The reason I had come to Darjeeling wasn’t to ride horses (or Button Nose), but to take the narrow gauge Darjeeling Himalayan Railway ‘toy train’ up to India’s highest railway station in Ghoom, and then down Hill Cart Road, to New Jalpaiguri, on my way to Calcutta.
Button Nose told me she already made a reservation at the Fairlawn Hotel in Calcutta, for two days hence. I told her about how fascinating the toy train was, with its 1889 British ‘B’ class steam locomotive running switchbacks down fifty-three miles and over two kilometers in altitude, along a two-foot wide track.
“I’ll take a taxi and meet you at the bottom.” She said. “Then we can go to Calcutta together.” My brain formed a mental picture of a small bottle of rum, and a match.
After a lukewarm bucket bath and a cuppa next morning, I told Button Nose that I would meet her at the Kwality Restaurant in Siliguri at seven that evening. I gave my Nepali toque to the Welkin desk clerk on the way out, and hiked to the train station to begin my excursion. During a patio breakfast I met two female missionary nuns, one from Singapore, the other Irish. I asked about qualifications. They mentioned celibacy and suffering. I told them I had it covered.
And then, for nine rupees, we stumbled into Lilliput. What used to be bullock carts and palanquins morphed into a whimsical cabin.
The first hour was a carnival of shunting cars and engines. Then, with a noise out of all proportion to the size of its blue locomotive, our little toy cabin gave a jerk, and started. A stocky railway worker sat perched over the forward engine buffers, scattering sand on the rails when the wheels lost their metal grip, with the din of a giant spring running down when the control had been removed.
Locals materialized from nowhere to hang on the outside, the whistle and steam blew incessantly, and coal dust coated my sweater. Sometimes we crossed our own track after completing a conic circuit. Sometimes we zigzagged backwards and forwards.
The fog descended as we ascended the Batasia Loop, at a steady gradient, to Ghoom Monastery.
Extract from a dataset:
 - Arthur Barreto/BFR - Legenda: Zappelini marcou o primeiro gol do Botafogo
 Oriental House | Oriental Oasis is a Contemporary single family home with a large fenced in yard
It was freezing, and only a quick chai saved me from terminal shivering. From the highest point on the line, a small push supplied all the energy necessary to carry us to the bottom of West Bengal.
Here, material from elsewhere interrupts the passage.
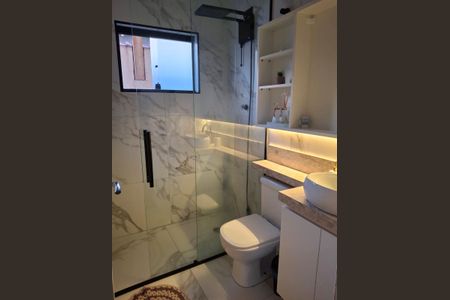 Casa à venda com 150m², 4 quartos e 2 vagasBanheiro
The track simply followed the roadside. Long stretches of the road were surrounded with buildings, and the railway line often rather resembled an urban tramway than an overland track line.
Our engine was equipped with a very loud horn that could even drown out the ear-piercing horns of Indian trucks and buses. It blared without pausing for breath.
The first four hours were idyllic. Clouded views of the lush hills, close-up views of village shops, picking flowers out the window, and stupas, poinsettias and tea plantations in profusion.
The last five hours dragged. Button Nose passed and shouted from a cab. I shouted back that I'd be late. Down, down to a series of impressive switchbacks and loops as the sun dropped on the horizon and the full moon rose in sympathy. At long last we pulled into Siliguri Station, and I traded in my nuns for my anchoress.
“Oh, I’ve already bought my ticket.” She said. “You should get yours right away.” I returned to find that Button Nose had adopted another new friend, a tall lanky Englishman, dressed in purple, holding his head in his hands.
“What’s wrong with him?” I asked.
“My bag. It's been nicked. It's the end. Finished.” He said. He had lost his travelers cheques, a flashlight, and love letters.
“That’s really bad.” Agreed Button Nose. “Terrible. Awful.” She asked me to help him. I handed over my flashlight, tea, and a hundred rupees. I had love letters, but the line had to be drawn somewhere. I turned to find that Mary and Button Nose were jumping up and down with the glee that came from rediscovering each other.
“Let’s all get on the bus!” Said Button Nose. We got on the bus. She asked me to change seats with her. I gave her the window and, in exchange, I got a metal crossbar night of alternating between splayed and fetal torment. The agony was made even more exquisite by three obnoxious teenage Bengali boys, who flew into hysterical fits of sniggering whenever Button Nose’s sleeping head landed on my shoulder.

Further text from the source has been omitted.